There is also a list of which transactions are actually processed, which is useful for the ONLYONE and UNTILFAILURE modes, since those might only process a subset of transactions. It can also hellp with debugging all modes. This section is called BatchExecutions. It contains a list of objects with the TransactionHash and TransactionResult for every transaction processed (whether or not it succeeds).

It's possible that not every transaction is included in the list. For example, when usingONLYONE mode, once a transaction succeeds, all other transactions are skipped.

Transactions are only included in the ledger if their result code is tesSuccess and the outer transaction has a result code of tesSuccess. For example, an inner transaction might have a result code of tesSuccess without being included in the ledger if you use the ALLORNOTHING mode and another transaction in the batch fails.

Inner Transaction

Each inner transaction contains the metadata for its own processing. Only the inner transactions that are actually committed to the ledger are included. This makes it easier for legacy systems to process Batch transactions as if they were normal.

There is also a pointer back to the parent outer transaction (parent_batch), for ease of development (similar to the nftoken_id field).

Edge Cases

Inner transactions don't have Sequences or TicketSequences, unlike a normal transaction. This causes some problems when it comes to transaction processing, due to a few edge cases.

Ledger Object ID Generation

Some objects, such as offers and escrows, use the sequence number of the creation transaction as a part of their ledger entry ID generation, to ensure uniqueness of the IDs.

To get around this, in single-account Batch transactions, a phantom sequence number is used instead. The phantom sequence number is equal to BatchTxn.OuterSequence + BatchTxn.BatchIndex.

Multi-account transactions use the same phantom sequence number strategy, using BatchTxn.Sequence + BatchTxn.BatchIndex, since the outer sequence doesn't map to the inner transaction's account.

Sequence Number Handling

Sequence numbers are always consumed (i.e. the AccountRoot's Sequence is incremented) if any inner transactions are processed.

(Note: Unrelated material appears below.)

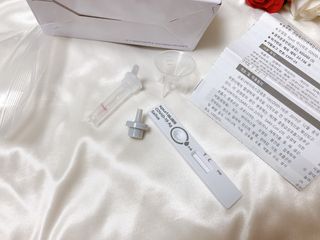 케이퓨리 아나파코 코로나 타액 자가 진단키트 1회분 3개 — 5점을 준 리뷰어가 2023년 4월 올린 사용 사진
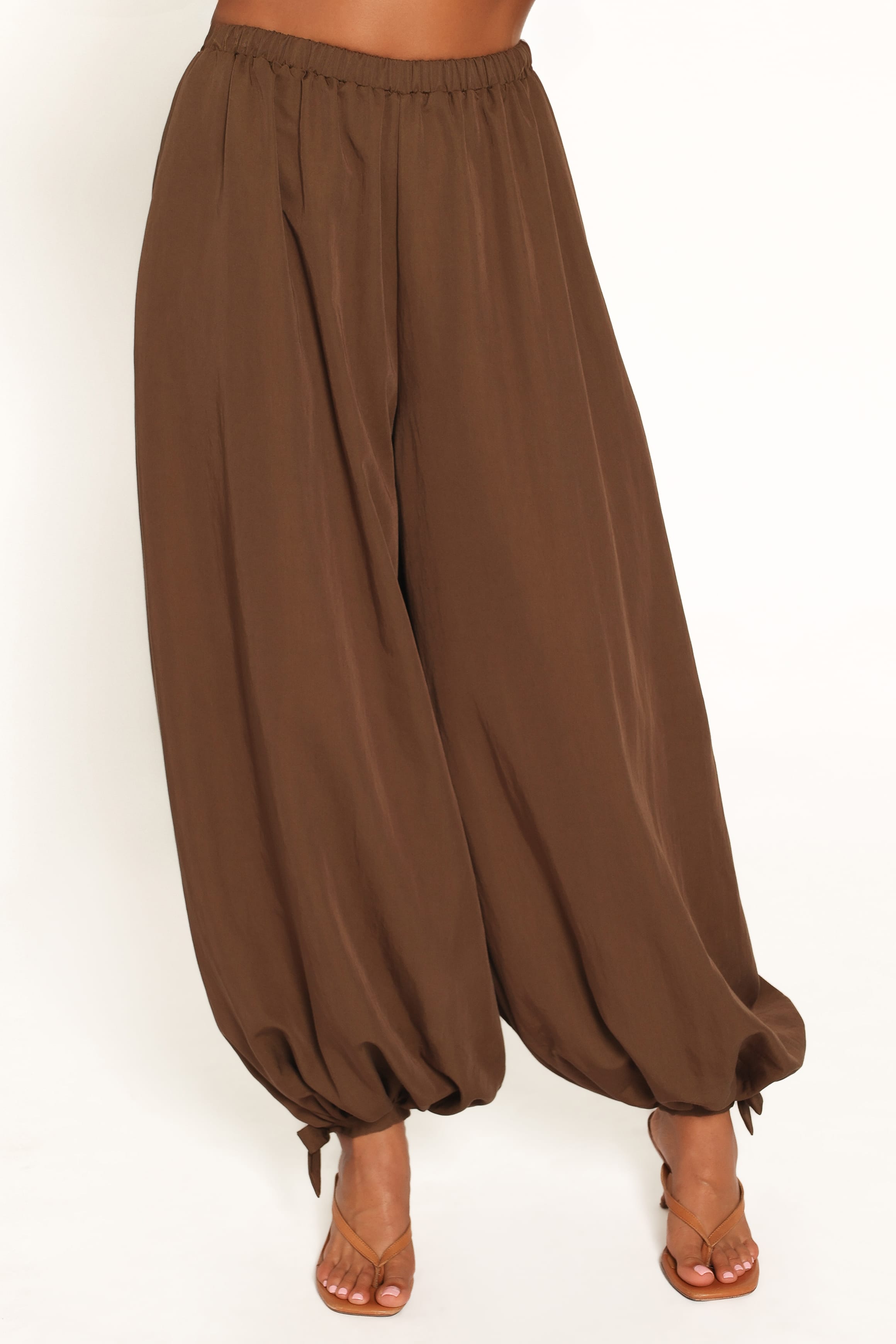 Yazmin Balloon Pant - Olive Green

A transaction counts as being "processed" if it is applied to the ledger (that is, if a tec or tes error is received). The sequence number for each account is incremented by the total number of inner transactions included in the Batch transaction, to avoid any hash collisions.

Security Trust Assumptions

Regardless of how many accounts' transactions are included in a Batch transaction, all accounts need to sign the collection of transactions.

Single Account

In the single account case, the single account must approve all of the transactions it is submitting. No other accounts are involved.

Multi Account

The multi-account case is a bit more complicated and is best illustrated with an example.

Alice and Bob are conducting a trustless swap via a multi-account Batch, with Alice providing 1000 XRP and Bob providing 1000 USD. Bob submits the Batch transaction, so Alice must provide her part of the swap to him.

If Alice provides a fully autofilled and signed transaction to Bob, Bob can submit Alice's transaction on the ledger without submitting his and receive the 1000 XRP without losing his 1000 USD. Therefore, the inner transactions must be unsigned.

If Alice just signs her part of the Batch transaction, Bob can modify his transaction to only provide 1 USD instead, thereby getting his 1000 XRP at a much cheaper rate. Therefore, the entire Batch transaction (and all its inner transactions) must be signed by all parties.